Attend, Infer, Repeat: Fast Scene Understanding with Generative Models on ShortScience.org

arxiv.org
scholar.google.com

Attend, Infer, Repeat: Fast Scene Understanding with Generative Models
Eslami, S. M. Ali and Heess, Nicolas and Weber, Theophane and Tassa, Yuval and Kavukcuoglu, Koray and Hinton, Geoffrey E.
arXiv e-Print archive - 2016 via Local Bibsonomy
Keywords: dblp

Summaries/Notes 2

[link] Summary by Hugo Larochelle 9 years ago

This paper presents an unsupervised generative model, based on the variational autoencoder framework, but where the encoder is a recurrent neural network that sequentially infers the identity, pose and number of objects in some input scene (2D image or 3D scene).

In short, this is done by extending the DRAW model to incorporate discrete latent variables that determine whether an additional object is present or not. Since the reparametrization trick cannot be used for discrete variables, the authors estimate the gradient through the sampling operation using a likelihood ratio estimator.

Another innovation over DRAW is the application to 3D scenes, in which the decoder is a graphics renderer. Since it is not possible to backpropagate through the renderer, gradients are estimated using finite-difference estimates (which require going through the renderer several times).

Experiments are presented where the evaluation is focused on the ability of the model to detect and count the number of objects in the image or scene.

**My two cents**

This is a nice, natural extension of DRAW. I'm particularly impressed by the results for the 3D scene setting. Despite the fact that setup is obviously synthetic and simplistic, I really surprised that estimating the decoder gradients using finite-differences worked at all. It's also interesting to see that the proposed model does surprisingly well compared to a CNN supervised approach that directly predicts the objects identity and pose. Quite cool!

To see the model in action, see [this cute video][1].

[1]: https://www.youtube.com/watch?v=4tc84kKdpY4

Your comment:

[link] Summary by Alexander Jung 7 years ago

  * AIR (attend, infer, repeat) is a recurrent autoencoder architecture to transform images into latent representations object by object.
  * As an autoencoder it is unsupervised.
  * The latent representation is generated in multiple time steps.
  * Each time step is intended to encode information about exactly one object in the image.
  * The information encoded for each object is (mostly) a what-where information, i.e. which class the object has and where (in 2D: translation, scaling) it is shown.
  * AIR has a dynamic number of time step. After encoding one object the model can decide whether it has encoded all objects or whether there is another one to encode.
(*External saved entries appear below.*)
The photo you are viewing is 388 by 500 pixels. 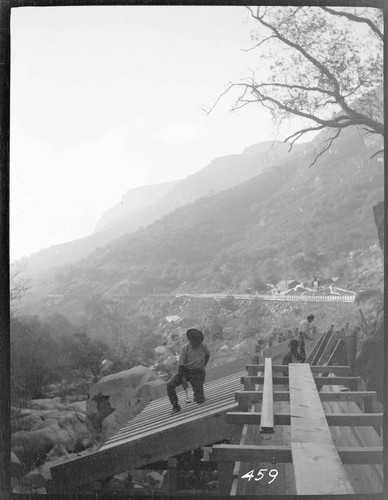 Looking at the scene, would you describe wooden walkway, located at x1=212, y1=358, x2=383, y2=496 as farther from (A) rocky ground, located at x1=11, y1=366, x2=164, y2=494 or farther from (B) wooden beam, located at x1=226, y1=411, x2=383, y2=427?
(A) rocky ground, located at x1=11, y1=366, x2=164, y2=494

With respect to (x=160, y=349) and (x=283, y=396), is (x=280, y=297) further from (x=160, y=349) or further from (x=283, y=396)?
(x=160, y=349)

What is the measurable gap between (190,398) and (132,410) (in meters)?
1.32

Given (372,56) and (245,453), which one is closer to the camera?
(245,453)

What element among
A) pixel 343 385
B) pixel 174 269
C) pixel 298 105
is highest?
pixel 298 105

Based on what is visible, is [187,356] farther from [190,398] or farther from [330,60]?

As a result the latent layer size is not fixed.
  * AIR uses an attention mechanism during the encoding to focus on each object.

### How
  * At its core, AIR is a variational autoencoder.
  * It maximizes lower bounds on the error instead of using a "classic" reconstruction error (like MSE on the euclidean distance).
  * It has an encoder and a decoder.
  * The model uses a recurrent architecture via an LSTM.
  * It (ideally) encodes/decodes one object per time step.
  * Encoder
    * The encoder receives the image and generates latent information for one object (what object, where it is).
    * At the second timestep it receives the image, the previous timestep's latent information and the previous timestep's hidden layer. It then generates another latent information (for another object).
    * And so on.
  * Decoder
    * The decoder receives latent information from the encoder (timestep by timestep) and treats it as a what-where information when reconstructing the images.
      * It takes the what-part and uses a "normal" decoder to generate an image that shows the object.
      * It takes the where-part and the generated image and feeds both into a spatial transformer, which then transforms the generated image by translating or rotating it.
  * Dynamic size
    * AIR makes use of a dynamically sized latent layer. It is not necessarily limited to a fixed number of time steps.
    * Implementation: Instead of just letting the encoder generate what-where information, the encoder also generates a "present" information, which is 0 or 1. If it is 1, the reccurence will continue with encoding and decoding another object. Otherwise it will stop.
  * Attention
    * To add an attention mechanism, AIR first uses the LSTM's hidden layer to generate "where" and "present" information per object.
    * It stops if the "present" information is 0.
    * Otherwise it uses the "where" information to focus on the object using a spatial transformer. The object is then encoded to the "what" information.

### Results
  * On a dataset of images, each containing multiple MNIST digits, AIR learns to accurately count the digits and estimate their position and scale.
  * When AIR is trained on images of 0 to 2 digits and tested on images containing 3 digits it performs poorly.
  * When AIR is trained on images of 0, 1 or 3 digits and tested on images containing 2 digits it performs mediocre.
  * DAIR performs well on both tasks. Likely because it learns to remove each digit from the image after it has investigated it.
  * When AIR is trained on 0 to 2 digits and a second network is trained (separately) to work with the generated latent layer (trained to sum the shown digits and rate whether they are shown in ascending order), then that second network reaches high accuracy with relatively few examples. That indicates usefulness for unsupervised learning.
  * When AIR is trained on a dataset of handwritten characters from different alphabets, it learns to represent distinct strokes in its latent layer.
  * When AIR is trained in combination with a renderer (inverse graphics), it is able to accurately recover latent parameters of rendered objects - better than supervised networks. That indicates usefulness for robots which have to interact with objects.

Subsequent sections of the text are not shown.